[dasher] MandarinAlphMgr: sort conversions biggest first until threshold, then uniform



commit fe8f08ac6cee9658360f3786393f0c36de2540e0
Author: Alan Lawrence <acl33 inf phy cam ac uk>
Date:   Mon Apr 11 19:10:54 2011 +0100

    MandarinAlphMgr: sort conversions biggest first until threshold, then uniform
    
    LM predicts probabilities for all symbols; we take these in descending
     probability order and append them into the list of conversions until the
     cumulative probability assigned reaches LP_PY_PROB_SORT_THRES (as a %age);
     the remaining probability mass is then assigned uniformly between all
     remaining symbols, which are kept in the order they appeared in the alphabet
     (we're hoping this is useful - e.g. order of "decreasing stroke count"?)
    
    This makes it substantially easier to search for a symbol in a long list.

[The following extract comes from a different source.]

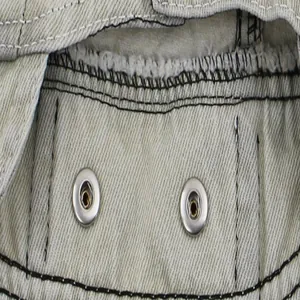 Close-up detail of pet denim vest featuring metal buttons and black stitching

 Src/DasherCore/MandarinAlphMgr.cpp |  138 ++++++++++++++++++------------------
 Src/DasherCore/MandarinAlphMgr.h   |    5 +-
 Src/DasherCore/Parameters.h        |    3 +-
 3 files changed, 75 insertions(+), 71 deletions(-)
---
diff --git a/Src/DasherCore/MandarinAlphMgr.cpp b/Src/DasherCore/MandarinAlphMgr.cpp
index 0052da7..d0e7e3d 100644
--- a/Src/DasherCore/MandarinAlphMgr.cpp
+++ b/Src/DasherCore/MandarinAlphMgr.cpp
@@ -48,7 +48,7 @@ static char THIS_FILE[] = __FILE__;
 
 CMandarinAlphMgr::CMandarinAlphMgr(CDasherInterfaceBase *pInterface, CNodeCreationManager *pNCManager, const CAlphInfo *pAlphabet, const CAlphabetMap *pAlphMap)

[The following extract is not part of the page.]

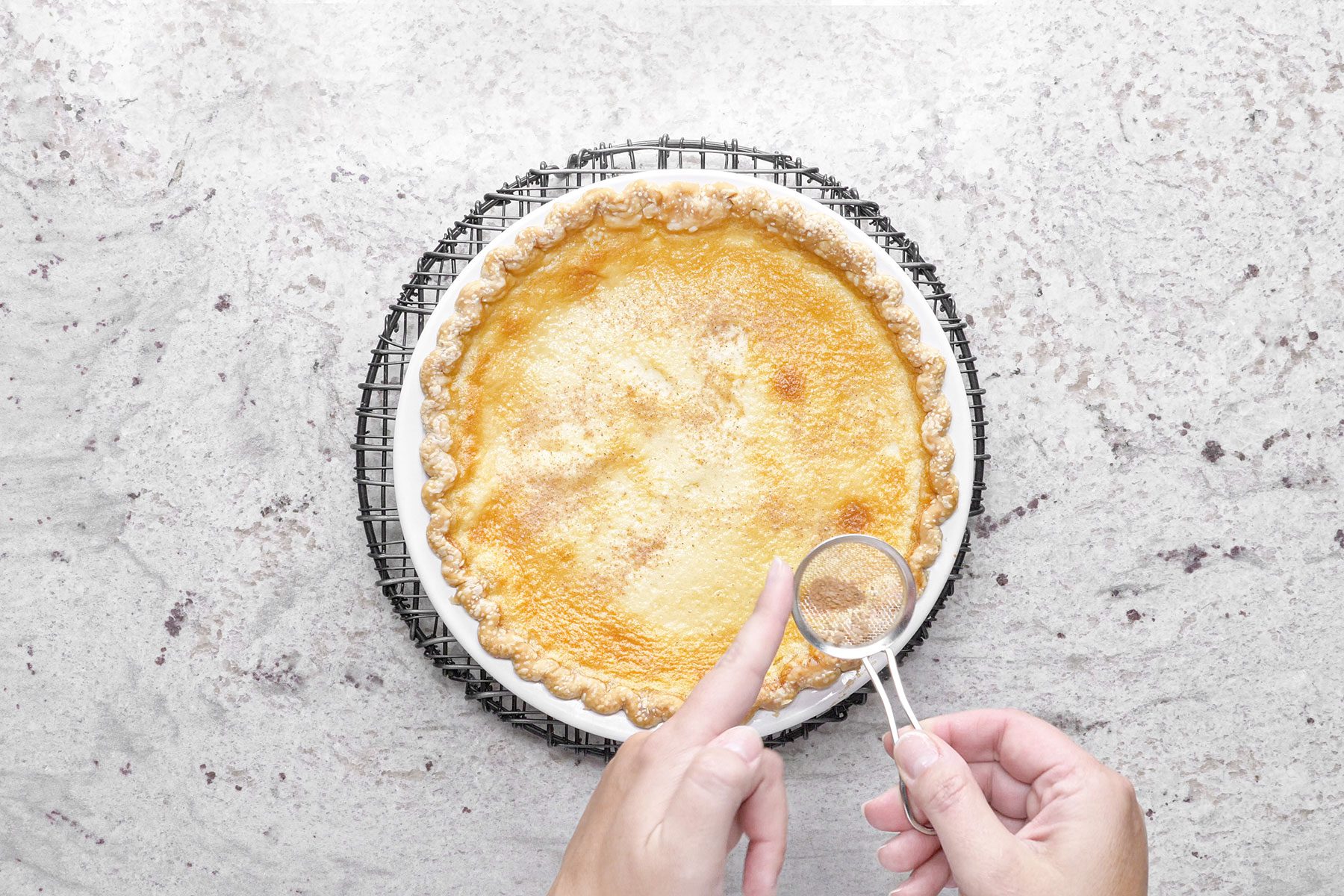 Sprinkling nutmeg over baked custard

   : CAlphabetManager(pInterface, pNCManager, pAlphabet, pAlphMap),
-    m_pConversionsBySymbol(new set<symbol>[GetAlphabet()->GetNumberTextSymbols()+1]) {
+    m_pConversionsBySymbol(new vector<symbol>[GetAlphabet()->GetNumberTextSymbols()+1]) {
   DASHER_ASSERT(pAlphabet->m_iConversionID==2);
       
   //the CHAlphabet contains a group for each SPY syllable+tone, with symbols being chinese characters.      
@@ -104,7 +104,7 @@ CMandarinAlphMgr::CMandarinAlphMgr(CDasherInterfaceBase *pInterface, CNodeCreati
         m_CHAlphabetMap.Add(text,target);
       }
       DASHER_ASSERT(m_CHtext[m_CHAlphabetMap.Get(text)] == text);
-      m_pConversionsBySymbol[i].insert(target);
+      m_pConversionsBySymbol[i].push_back(target);
       //Also the reverse lookup: (rehashed chinese symbol number) -> (pinyin by which it could be produced)
       m_PinyinByChinese[target].insert(i);
     }
@@ -259,82 +259,84 @@ void CMandarinAlphMgr::CConvRoot::SetFlag(int iFlag, bool bValue) {
   CDasherNode::SetFlag(iFlag,bValue);
 }
 
-void CMandarinAlphMgr::GetConversions(std::vector<pair<symbol,unsigned int> > &vChildren, symbol pySym, Dasher::CLanguageModel::Context context) {
+// For sorting pair<symbol, probability>s into descending order
+// (most probable first, hence sense of >)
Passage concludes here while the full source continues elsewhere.